Jo Johnson – 2016 Statement on Business Department’s Future

jojohnson

Below is the text of the statement made by Jo Johnson, the Minister for Universities and Science, to the House of Commons on 26 May 2016.

Today the Department for Business, Innovation and Skills has announced its decision to create a combined BIS headquarters and policy function in London to deliver a simpler, smaller Department that is more flexible and responsive to stakeholders and businesses by 2020. This involves basing all policy roles in London by 2018 and closing the St Paul’s Place office in Sheffield.

Everyone affected will be able to stay in post in their current location until January 2018 and if they choose to take up a post in London there will be financial assistance for travel available for the first three years.

Anyone choosing to leave will benefit from the best exit terms currently available in the civil service. The support package on offer will include money for re-skilling, career coaching, and time off to look for other jobs.

The executive board and ministerial team take the future of staff affected by this decision, and the contribution they have made, very seriously. We are aware this decision will directly affect people’s lives, livelihoods and families and it has therefore not been taken lightly. Support for staff has been and remains our priority.

This unanimous decision has been reached by the BIS executive board after the Department conducted a consultation with staff and with the departmental trade unions which closed on 2 May. Inevitably it has been a period of uncertainty for staff but the consultation period has enabled the executive board to reflect on its proposal, to hear from staff, to take into account the equality analysis, and to consider the alternative business models which have been put forward.

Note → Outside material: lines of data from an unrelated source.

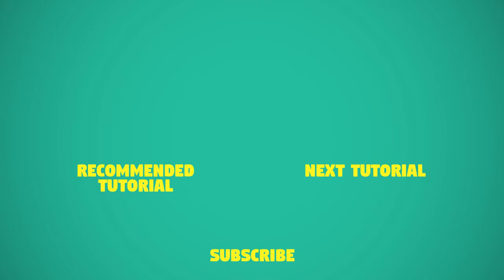I would also appreciate if you will click thumbs up and will share this video. This was TNT Tutorials. See you in next videos.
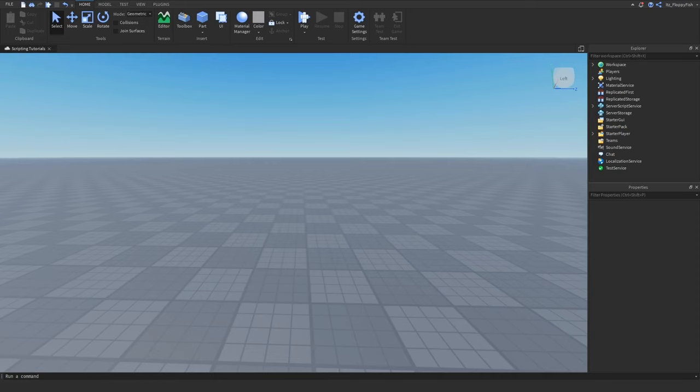Yo, what's up guys? Welcome back to a brand new Roblox Studio video. My name is Floppy and today I'm going to be showing you how to add game passes into your Roblox game.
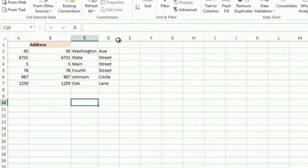Now, I've separated the whole thing. Numbers, Street Names, Street Type. I hope this helps get you a few tips. Thanks for watching.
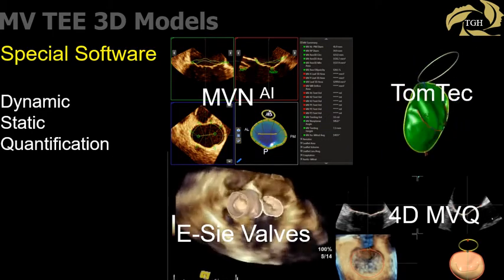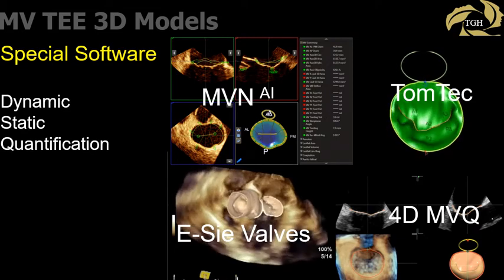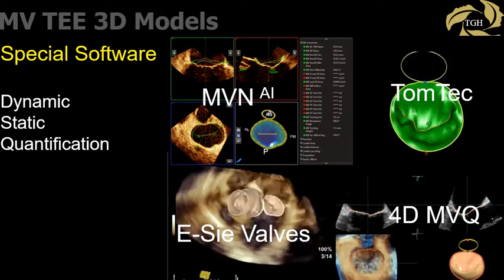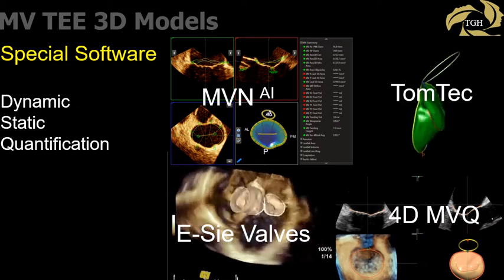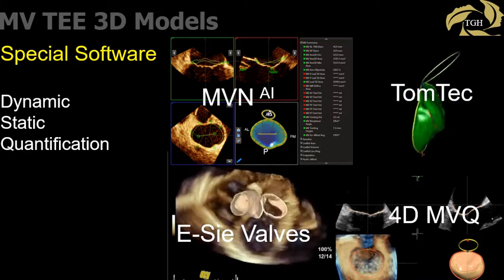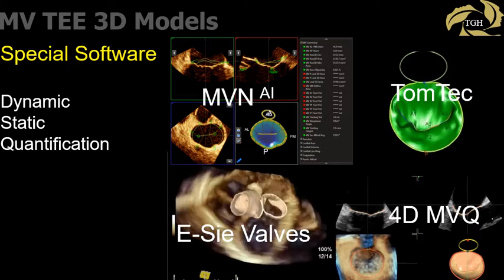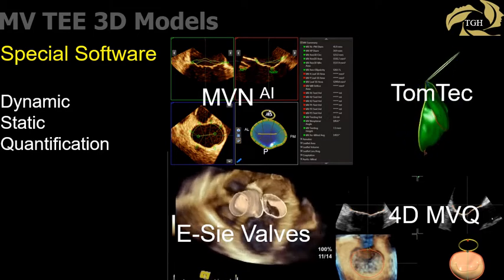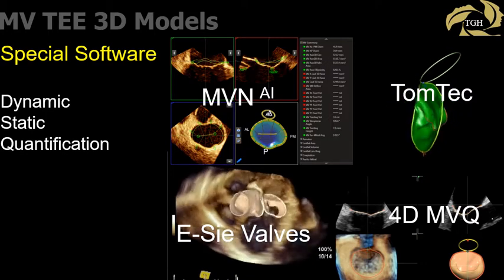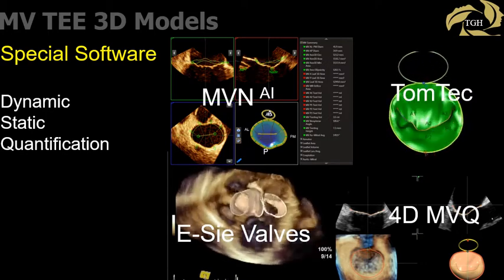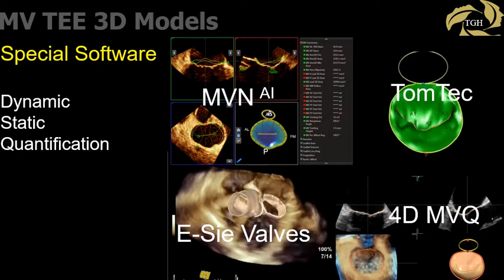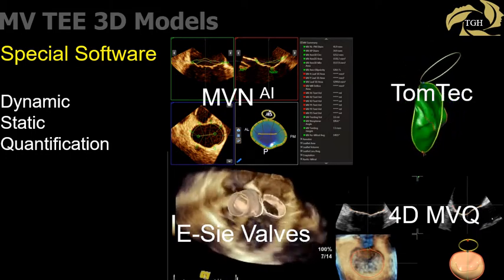Specific analysis software can create static or dynamic mitral valve models from 3D datasets. Most software is semi-automated, which reduces analysis time but does introduce error from inaccurate tracking. The mitral valve AI software, or QLAB, gives a static end-systolic model. The EasyValve software yields a dynamic systolic and diastolic model of both the mitral valve and aortic root. The TOMTEC and new 4D Mitral Valve Q software from GE gives dynamic systolic models. The newer Philips machines have TOMTEC software in place of the mitral valve N software.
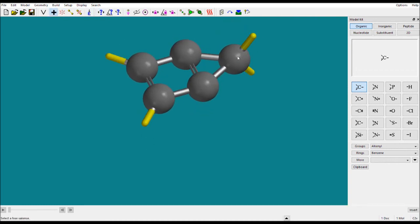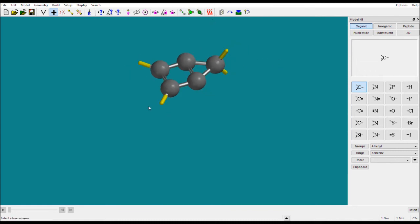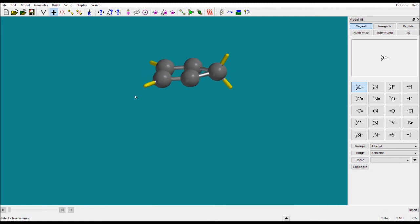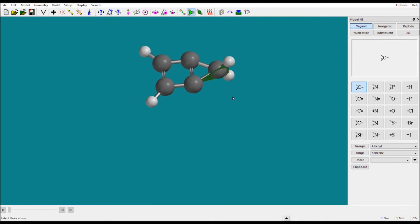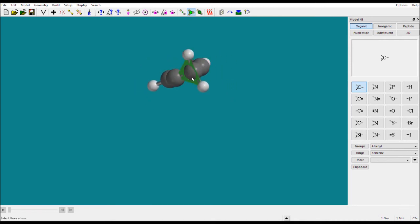Next is the Plane tool. This lets you define and visualize a plane. You have to select three points — select three atoms to define your plane. Like this, you can select planes to make your picture clearer.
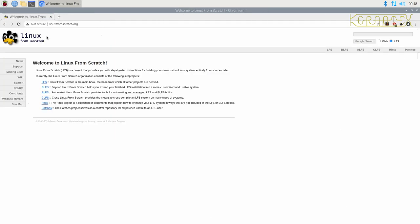So as far as Linux from Scratch is concerned, if you've never built Linux from Scratch, I will take you through step by step. If you have built Linux from Scratch before, then obviously you can skip through to the bits that you're more interested in.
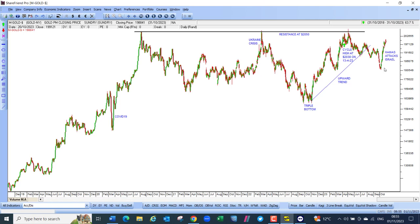There was a new listing during the month — Primary Health Properties, or PHP, listed on the 24th of October. This is a real estate investment trust which owns healthcare properties in the UK and Ireland. About 90% of its income comes from government rentals to the NHS or Ireland's equivalent health authority. It is listed on the London Stock Exchange and has 514 properties, 494 of which are in the UK. It also has a secondary listing on the JSE. It is clearly a rand hedge and should become an institutional favorite.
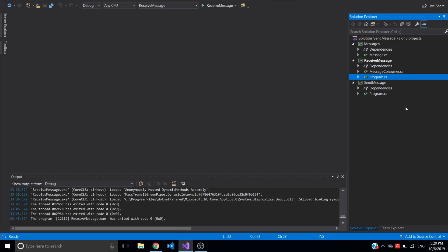In this video I'll show how to send messages and receive messages from RabbitMQ in .NET Core console application. I have three different projects added to one solution. One is just a library for the message contract which will be sending to RabbitMQ and receiving from RabbitMQ. Then I have receive message console application and send message console application.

Following the recent spending review, BIS has set itself the target of becoming a more flexible and efficient Department, as well as reducing its cost to the taxpayer. We have committed to deliver reductions in the Department’s operating expenditure which equate to around £350 million by 2020. Savings of this magnitude can only be delivered by fundamentally changing the Department’s overall business model in a way that works for a smaller workforce with more streamlined structures in a demanding service and policy environment.

BIS 2020 is the transformation programme to deliver that new business model—creating a Department that is simpler, smaller, and better for users by 2020. As a transformation programme it is ambitious. It means reducing our operating costs and associated headcount by 30% to 40%; more than halving our 45 public bodies; and rationalising customer support, grant giving and digital service delivery. It also involves reducing our locations from around 80 sites to seven business centres plus a regional presence across the country. These business centres will each focus on a key area of business activity bringing together expertise and helping us to build our capability.

One of these business centres will be a combined BIS headquarters and policy function in London. Crucial to this decision was bringing together BIS’ policy capability which is currently dispersed across 14 offices, and locating it near Ministers, Parliament, and other Government Departments in Whitehall.

Over the course of this Parliament our policy function will reduce from around 2,000 roles to around 1,500 roles, reflecting the size of the Department’s pay bill on our operating expenditure. As we get smaller we need a simpler structure that allows staff to interact easily and to respond rapidly and flexibly to Ministers, Parliament and other stakeholders. Being more flexible, agile and re-deployable enables us to respond to the challenging demands of modern Government. The steel crisis is a recent example of where we have had to urgently re-deploy large numbers of staff to address an urgent priority.

Operating split site and split team working as we become smaller would put an increasing strain on our organisational effectiveness which is why the executive board has concluded that a combined headquarters and policy function is the most effective model to continue to serve Ministers and stakeholders flexibly, effectively and sustainably.